Granted, 'Subject 13' didn't have the wow factor that last year's 'Peter' had, but you can only ride the horse out of the gate once. Still, I continue to be amazed by the deaging make up the special effect wizards are able to conjure for John Noble each time we journey back a quarter of a century. Part of this is attributed to the physicality of Noble's performance, but look at his arms! There's some sculpting, make up or CGI... I can't tell, but it's the little details that really sell this effect.
This trip to the '80s takes place about six months after Walter kidnapped Peter from the other universe. He always intended to take the boy back after he cured him of his ailment, but Walter has been having difficulty recreating the bridge. Enter the Cortexiphan kids.

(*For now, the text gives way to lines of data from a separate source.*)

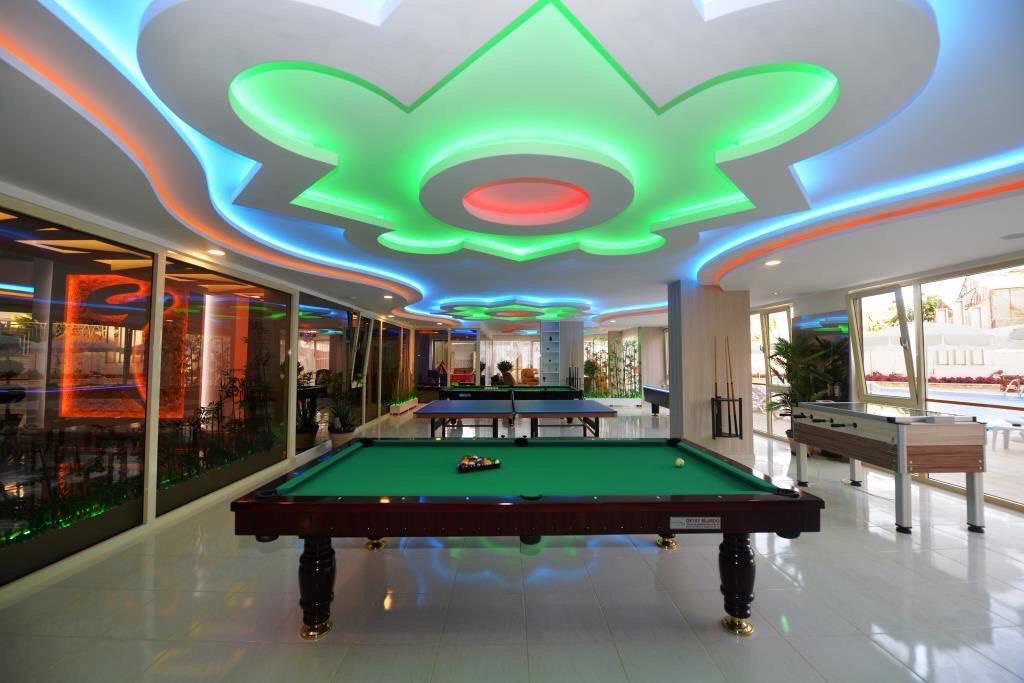 Квартира в Алании, Турция, 130 м² - фото 12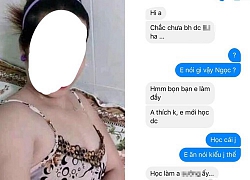 Chàng sinh viên làm gia sư hoang mang vì bị học sinh lẫn phụ huynh gạ tình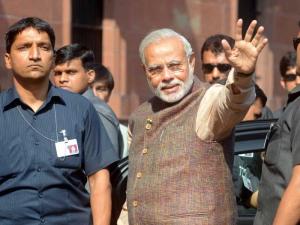 After An Year Wait, Modi Gets The Youth His Passport In 5 Days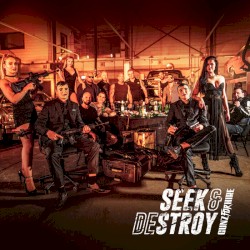 Seek & Destroy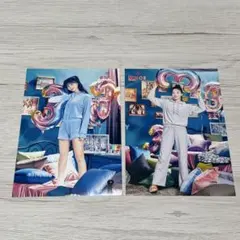 TWICE ラントレ セット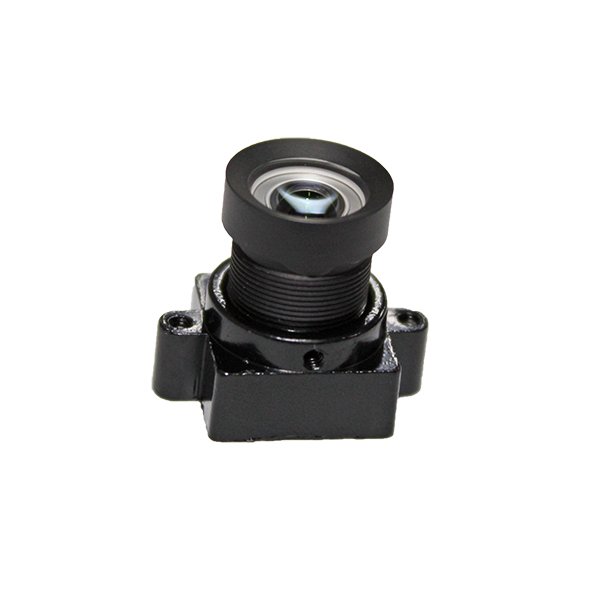 JSD F2.8 2.80mm FOV 84 Degree M12 S-Mount lens 1080p hd mini camera lens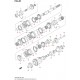CIRCLIPS BC - Jimny, Samurai, Vitara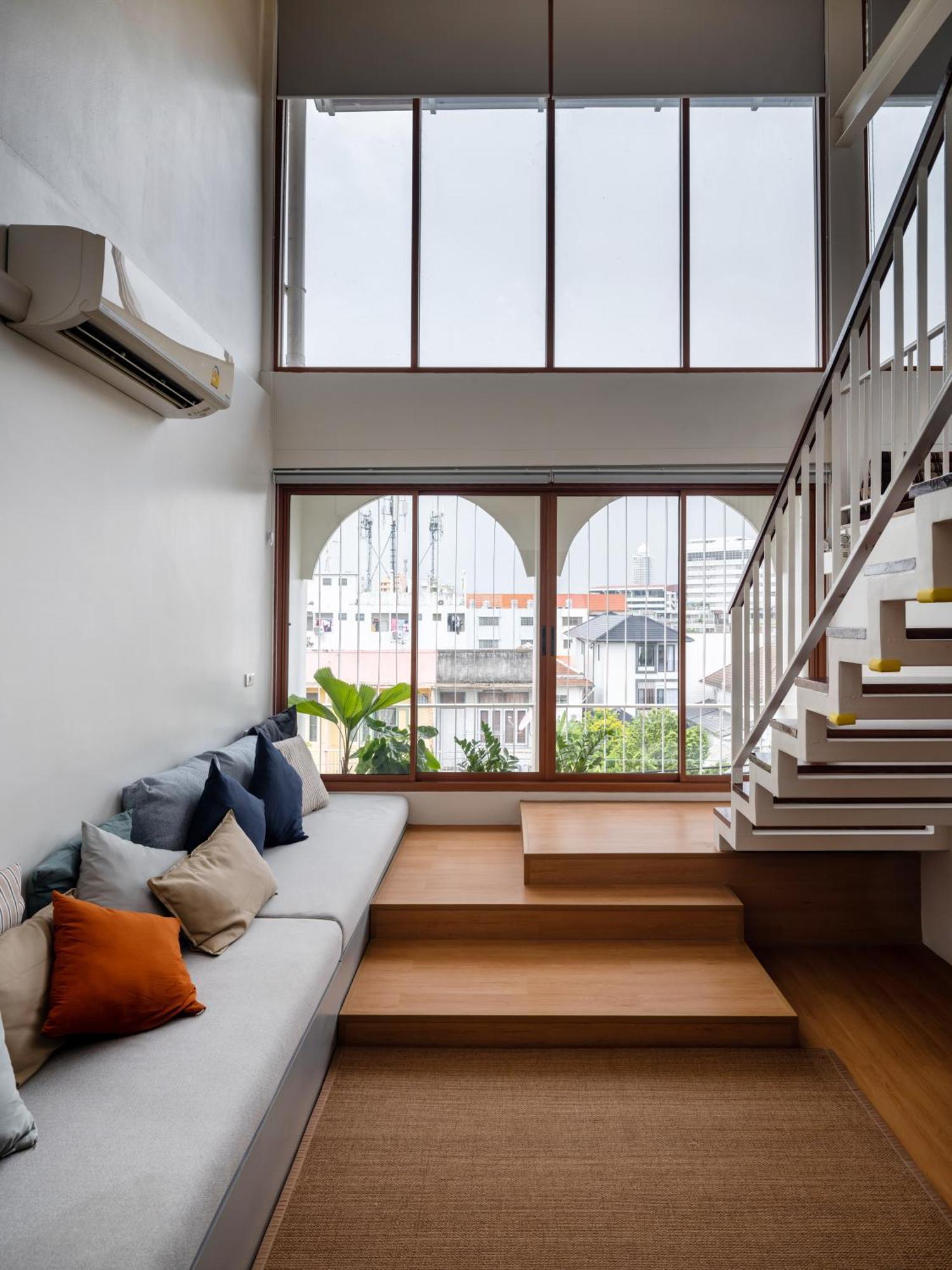 Bedtime Storeys Near Icon Siam Bangkok Ngoại thất bức ảnh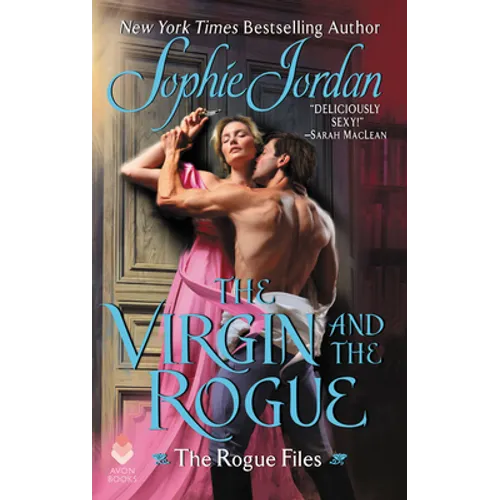 The Virgin and the Rogue: The Rogue Files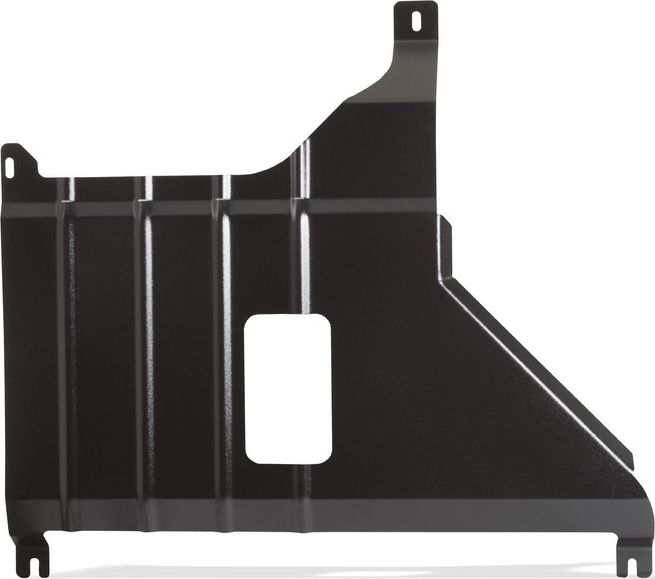 Защита NLZ для картера Renault Duster I 4WD 2015-2020. Артикул NLZ.41.30.430 NEW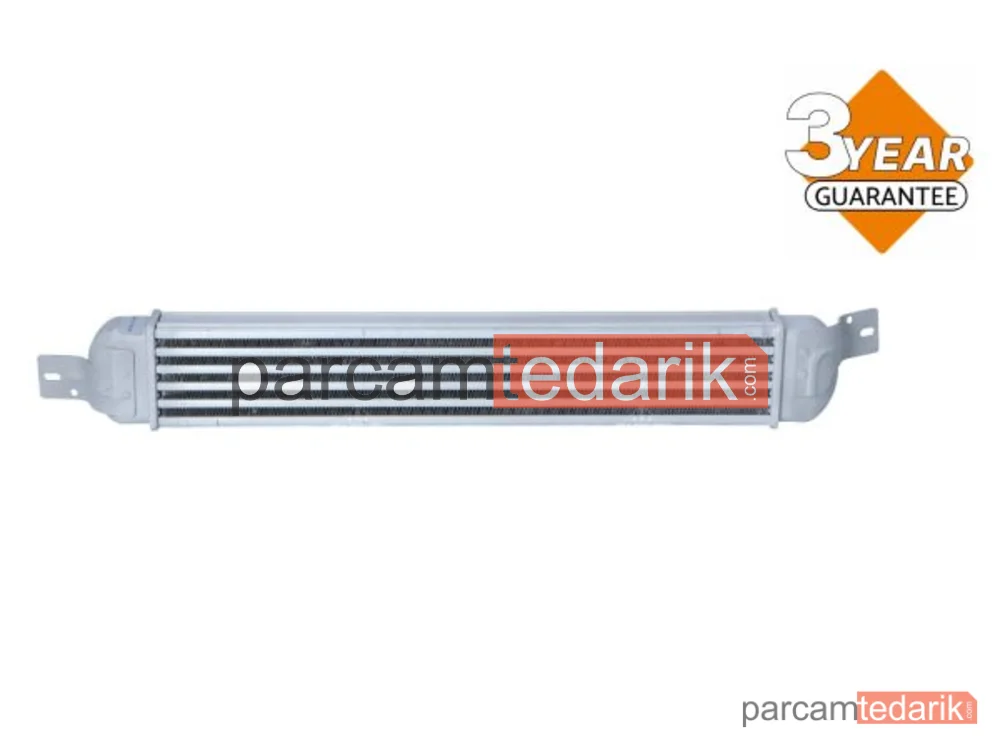 NRF 30512 | Turbo Radyatörü — Opel Meriva A MPV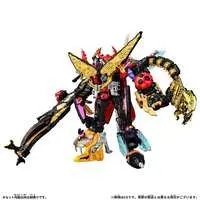 Toys - Ohsama Sentai King-Ohger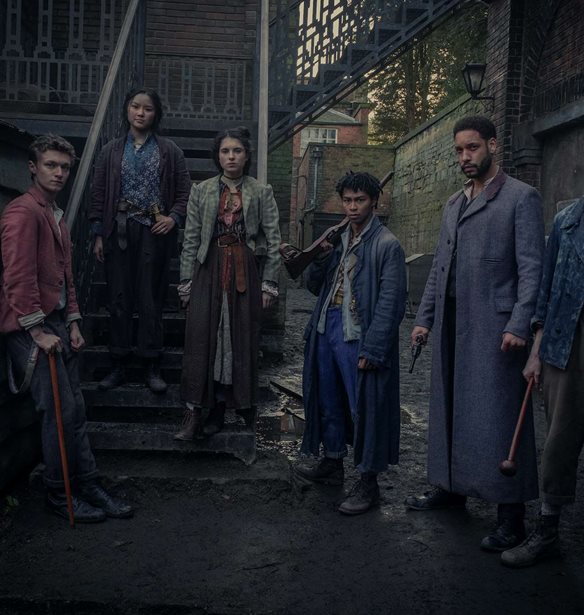 &#x3A4;&#x3B9; &#x3B8;&#x3B1; &#x3B4;&#x3BF;&#x3CD;&#x3BC;&#x3B5; &#x3C4;&#x3BF;&#x3BD; &#x39C;&#x3AC;&#x3C1;&#x3C4;&#x3B9;&#x3BF; &#x3C3;&#x3C4;&#x3BF; Netflix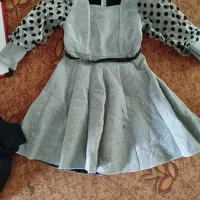 هودی و لباس مجلسی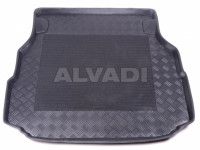 Mercedes-Benz C (W203) 2000-2007 trunk cover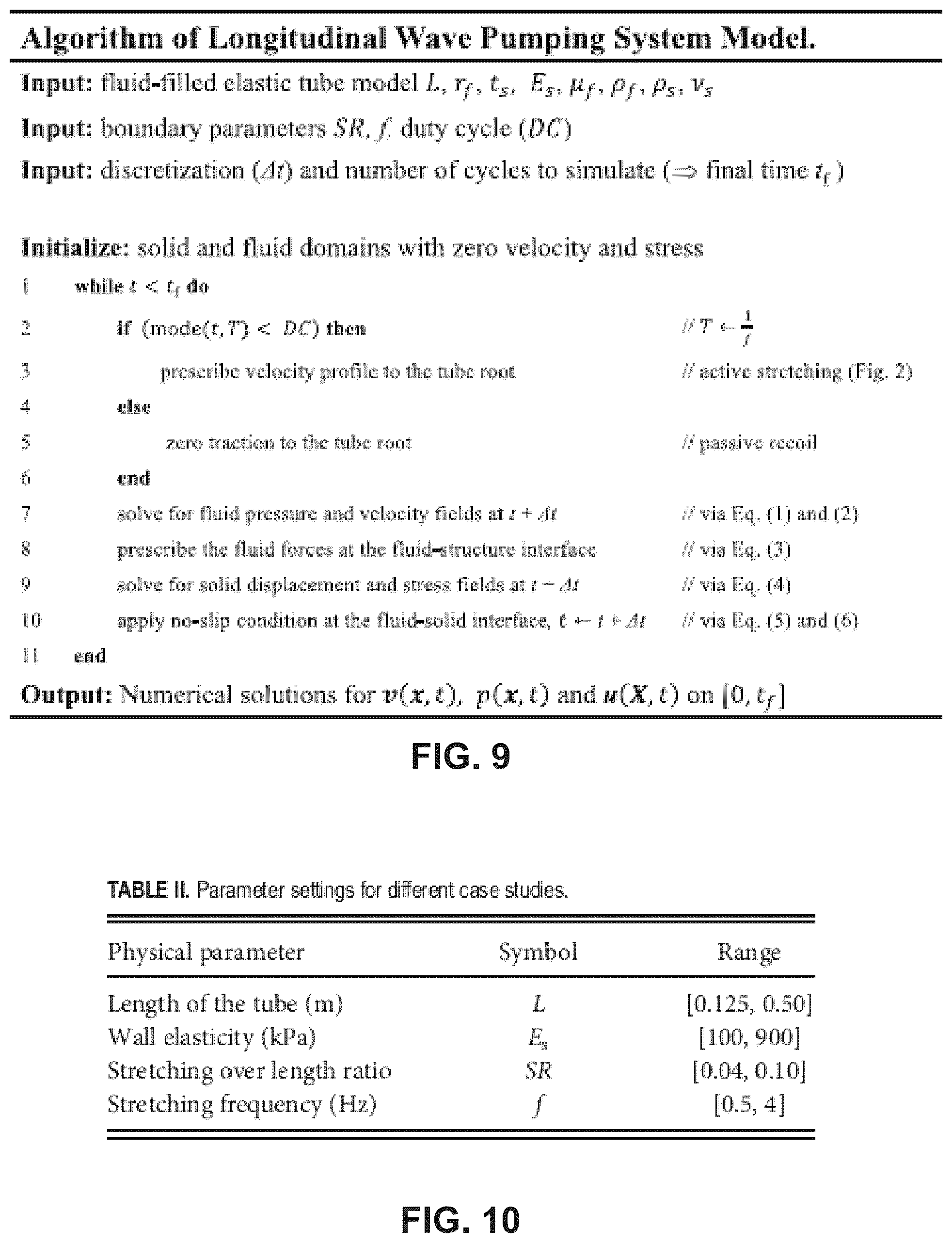 Patent US12326143 Figure 6 – Longitudinal impedance pump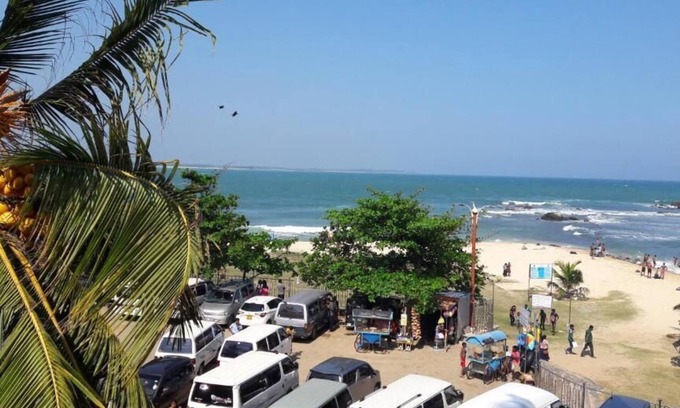 Tangalle House | Rest House Tangalle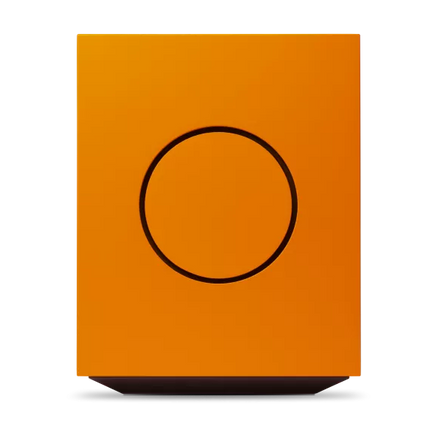 Boxe active Cambridge Audio L/R S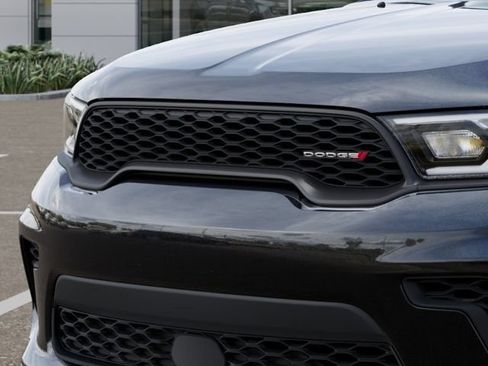 New 2026 Dodge Durango GT RWD image 12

We get to meet Subject 13, a young Olivia Dunham, at the child care facility ran by Walter in Jacksonville. Whoever cast the girl did a great job. She had a delivery that really made me think this could have been a young Olive. Plus, we finally get some insight to one of the dangling plot threads from season one: Olivia's abusive stepfather.
Still, the biggest moments in "Subject 13" were when Olivia's powers kicked in due to her fear. The first was masterfully done, having Olivia running from her stepdad and suddenly appearing outdoors where she looks up and has a shadow of a blimp fall over her before she is snatched back into the Fringe Prime universe. The second incident occurred when Walter attempted to scare her powers into being by having one of the other kids play dead. This triggered Olivia's alluded to, but never seen pyrokenetic abilities.
However, the third burst of power was such a big moment. Olivia runs crying to Walter about her stepfather hitting her. Walter looks confused and doesn't recognize her. Then it hits you; Olivia has crossed over and is talking to Walternate (who continues to despair over the loss of Peter). Of course, she leaves behind her sketch book that conveniently has a picture of her and Peter drawn in it, thus cluing in Walternate on the fact that his son was abducted to a parallel universe.
We get some really good material concerning Peter, too. He knows that the Bishops are not his real parents. Our world is different enough for him to notice (Red Lantern instead of Green Lantern, no airships, etc.). He even attempts to sink himself into the icy lake so he can get back to his own world. However, throughout this episode Mrs. Bishop does her level best to convince him of her love. After Peter's conversation with Olive, Mrs. Bishop has finally sold him on the idea that his sickness really confused his memory of the world. Unfortunately, this begins her cycle of drinking and depression that would lead to her untimely death.
While "Subject 13" didn't have the benefit of freshness that "Peter" had, this was still a high point of an already excellent third season of 'Fringe'. Though this was entirely a flashback episode without any scenes from the present, it continues to humanize Walternate, while demonstrating the lengths that our Walter is willing to take to get the job done.